Empowering Morphing Attack Detection using Interpretable Image-Text Foundation Model
This work addresses the problem of enhancing security in face verification systems against morphing attacks, presenting an incremental improvement through the integration of interpretable image-text models.
The paper tackles morphing attack detection in face recognition by proposing a multimodal learning approach that uses CLIP for zero-shot evaluation, achieving generalizable detection and predicting relevant text snippets across various morphing techniques and mediums.

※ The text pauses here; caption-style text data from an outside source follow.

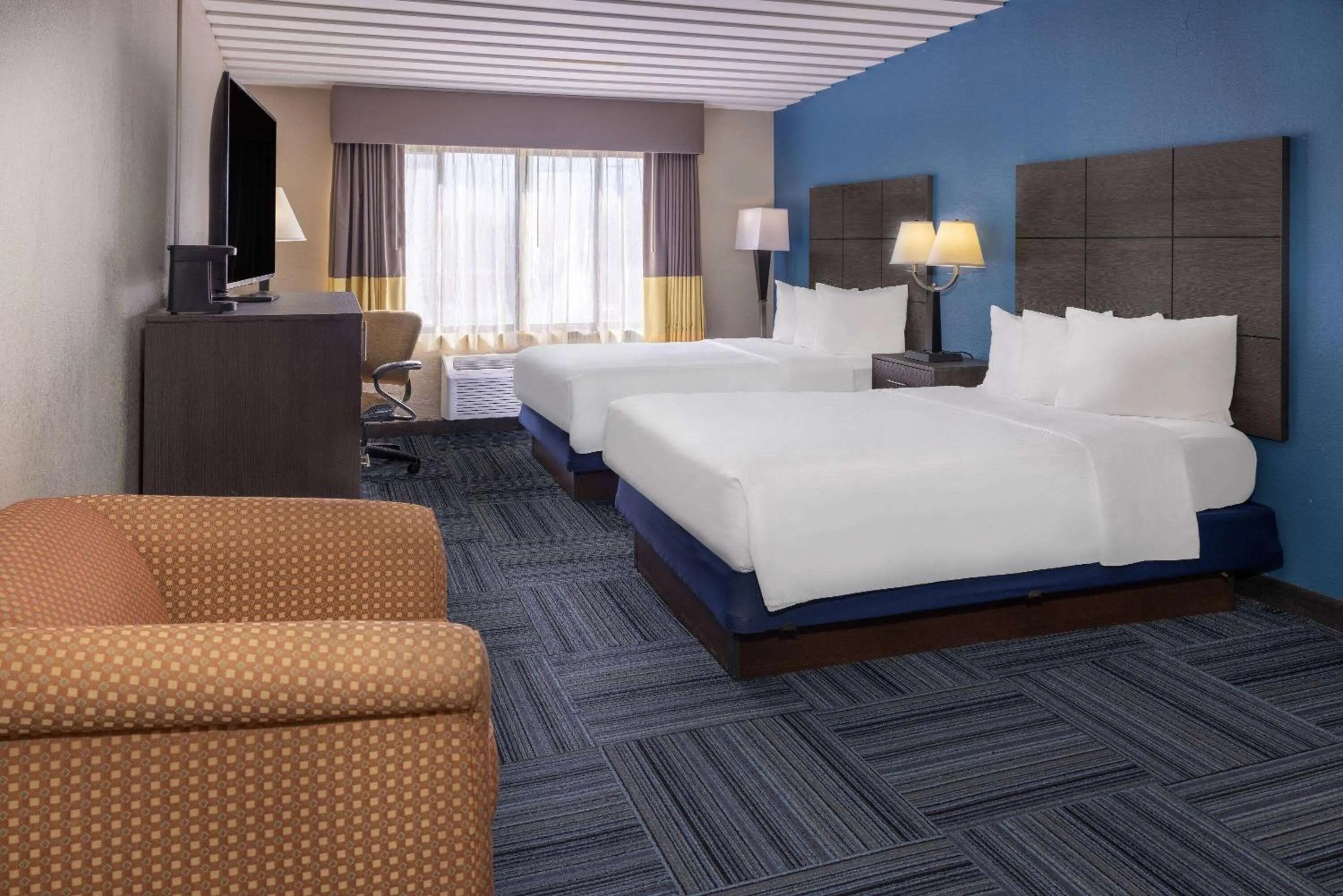 Photo of the whole room, Bed in Baymont by Wyndham Appleton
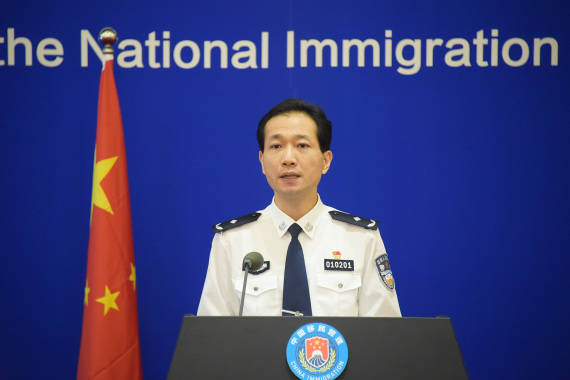 中国官宣从严限制非必要出入境活动！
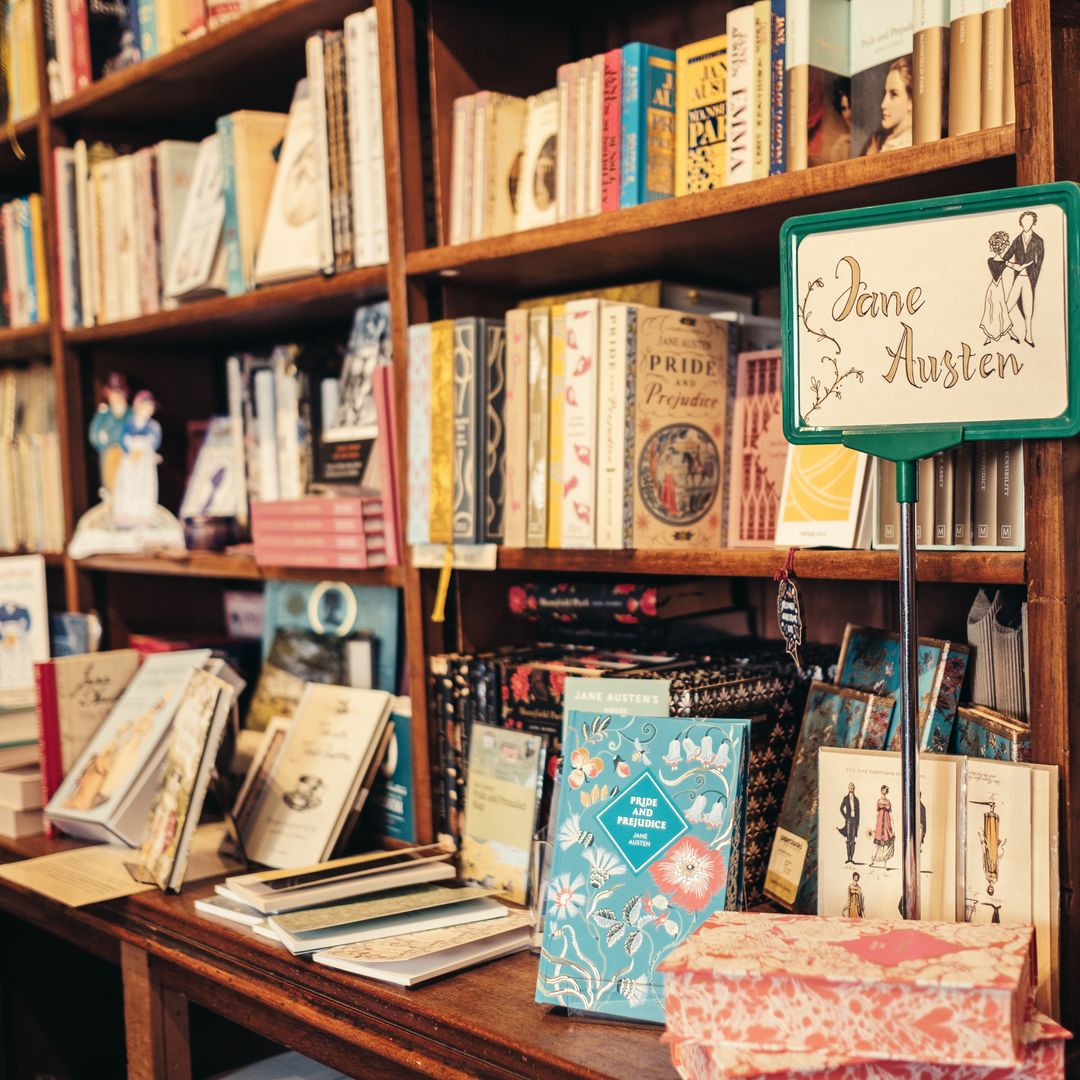 La librería P&G Wells, en Colle Street, cerca de la catedral de Winchester, es una de las más antiguas del país y donde compraba libros Jane Austen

Morphing attack detection has become an essential component of face recognition systems for ensuring a reliable verification scenario. In this paper, we present a multimodal learning approach that can provide a textual description of morphing attack detection. We first show that zero-shot evaluation of the proposed framework using Contrastive Language-Image Pretraining (CLIP) can yield not only generalizable morphing attack detection, but also predict the most relevant text snippet. We present an extensive analysis of ten different textual prompts that include both short and long textual prompts. These prompts are engineered by considering the human understandable textual snippet. Extensive experiments were performed on a face morphing dataset that was developed using a publicly available face biometric dataset. We present an evaluation of SOTA pre-trained neural networks together with the proposed framework in the zero-shot evaluation of five different morphing generation techniques that are captured in three different mediums.